The Tsitsikamma National Park is the oldest and one of the largest marine protected areas in Southern Africa, having first been declared a protected area in 1964. The TMPA alone conserves 11% of South Africa’s Temperate South Coast rocky shoreline and provides a laboratory for fisheries baseline research on endangered line fish species and natural ecosystem functioning. For at least the past 15 years, legislation and policy have prohibited fishing within the TMPA which is currently an area of “no take” based on sound scientific reasoning.
Partner in Bowman Gilfillan Africa Group’s Litigation & Dispute Resolution Department, Trudie Nichols explains, “On 19 November 2015, the Minister published draft notices and regulations in the Government Gazette calling for public comment on the feasibility of opening up four areas within the TMPA to shore fishing, by 1 February 2016.

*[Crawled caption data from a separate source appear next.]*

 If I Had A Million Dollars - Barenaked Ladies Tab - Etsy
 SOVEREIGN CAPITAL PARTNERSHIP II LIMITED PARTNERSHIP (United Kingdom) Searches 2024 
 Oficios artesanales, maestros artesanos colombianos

“Notwithstanding that the public comment process was underway, on or about the 30 November 2015, SANParks and the Minister, announced that a pilot project for recreational angling would be permitted from 15 December 2015 for the benefit of the Tsitsikamma Community only and for research purposes,” she notes.

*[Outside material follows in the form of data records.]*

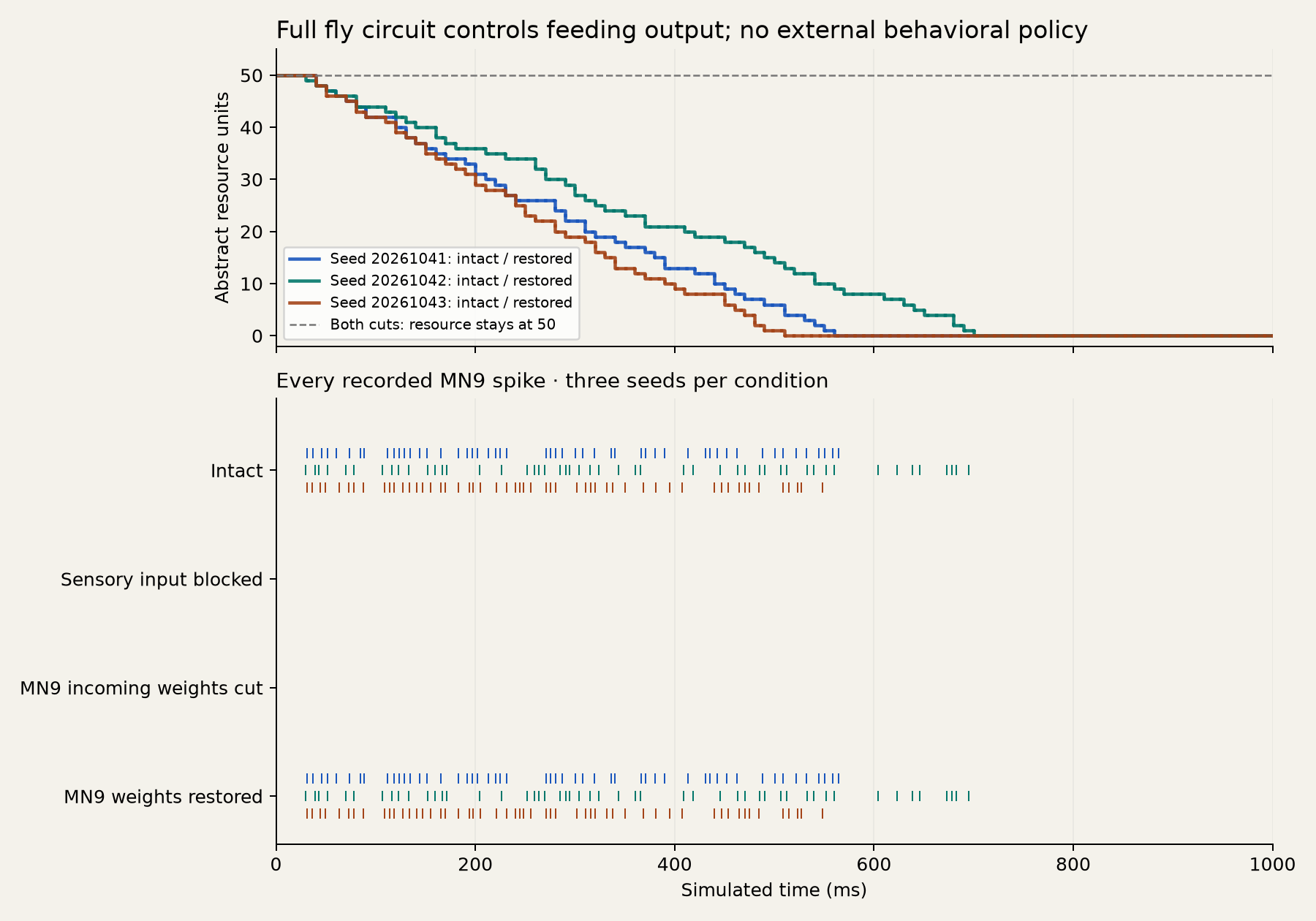 Recorded MN9 spikes and resource feedback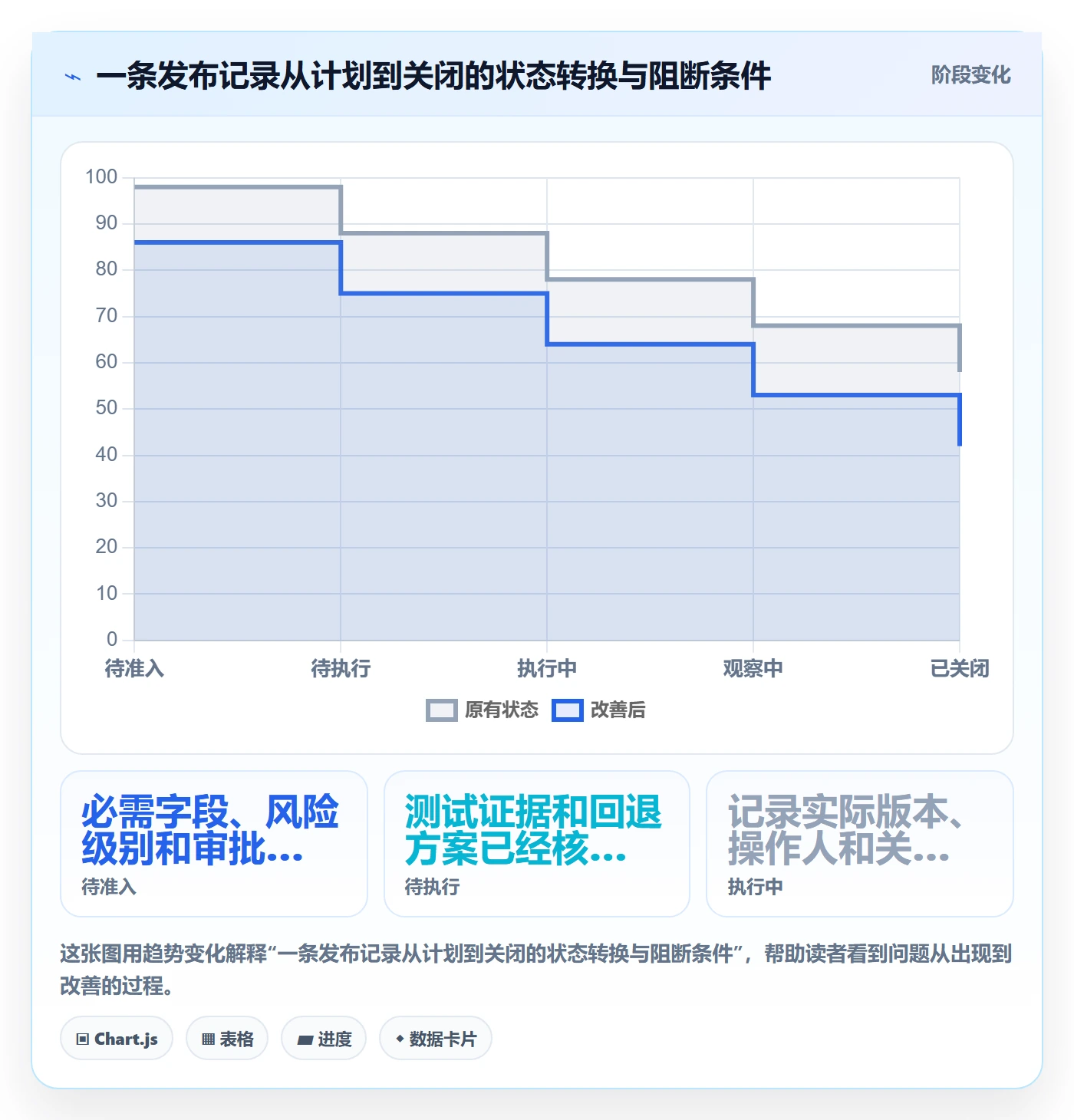 发布记录管理方法大全:企业管理者发布管理协同管理落地清单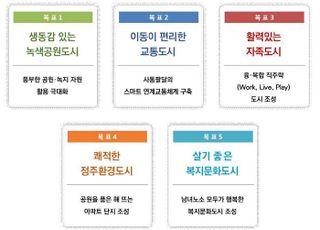 1기 신도시 밑그림 공개…2035년까지 총 53.7만가구 규모로 재정비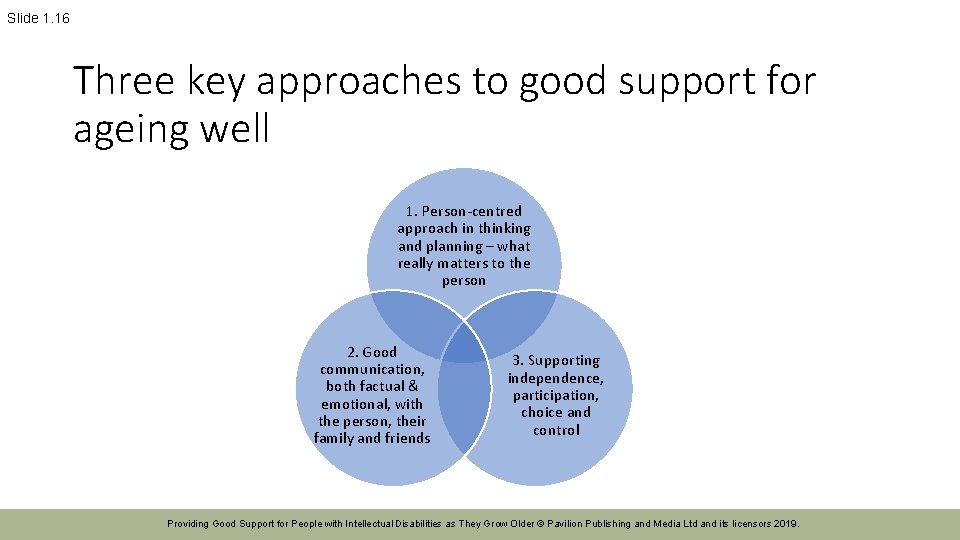 Slide 1. 16 Three key approaches to good support for ageing well 1. Person-centred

Nichols explains that Friends of Tsitsikamma, an association comprising scientists, academics and marine conservationists throughout the country, argued that the decision to permit recreational angling as a pilot project while the public consultation process on the very issue was underway was prohibited by law. Further that is was made and implemented in violation of section 33 of the Bill of Rights read with the Promotion of Administrative Justice Act and would result in long term damage to fish populations and related marine life in the TMPA area.
SANParks and the Minister capitulated in respect of the application in its entirety on 8 January 2016 before the Honourable Justice Prinsloo J. Their capitulation was an acknowledgment of the following breaches: procedural and administrative fairness; section 24: Environmental rights;the Rule of Law; the Constitution; the Protected Area Act; and the National Environment Management Act.

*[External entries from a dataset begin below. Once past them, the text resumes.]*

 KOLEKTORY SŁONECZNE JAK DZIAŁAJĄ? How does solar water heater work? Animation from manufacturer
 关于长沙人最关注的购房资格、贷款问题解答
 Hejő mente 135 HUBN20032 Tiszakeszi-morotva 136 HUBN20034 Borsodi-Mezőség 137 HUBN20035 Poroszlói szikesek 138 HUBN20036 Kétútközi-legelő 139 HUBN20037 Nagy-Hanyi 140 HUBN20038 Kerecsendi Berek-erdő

“As a result, all three respondents were interdicted from implementing the decision to allow recreational angling within the marine protected area. In addition, the decision to implement the pilot project for recreational angling was reviewed and set aside,” she says.
Nichols adds that this order highlights the importance of the Tsitsikamma National Park as a national asset for all South Africans. The draft notices in the Government Gazette which propose to open 20% of the park to recreational angling is still open for public comment until 1 February 2016. To date over 6 000 South African citizens and marine scientists have signed a petition to keep the Tsitsikamma National Park closed to fishing. View the petition here<http://orcafoundation.
The Friends of Tsitsikamma were represented by Trudie Nichols and associate Lauren Turner, together with Advocate Andrea Gabriel SC of the Durban Bar.(This article is provided for informational purposes only and not for the purpose of providing legal advice. For more information on the topic, please contact the author/s or the relevant provider.)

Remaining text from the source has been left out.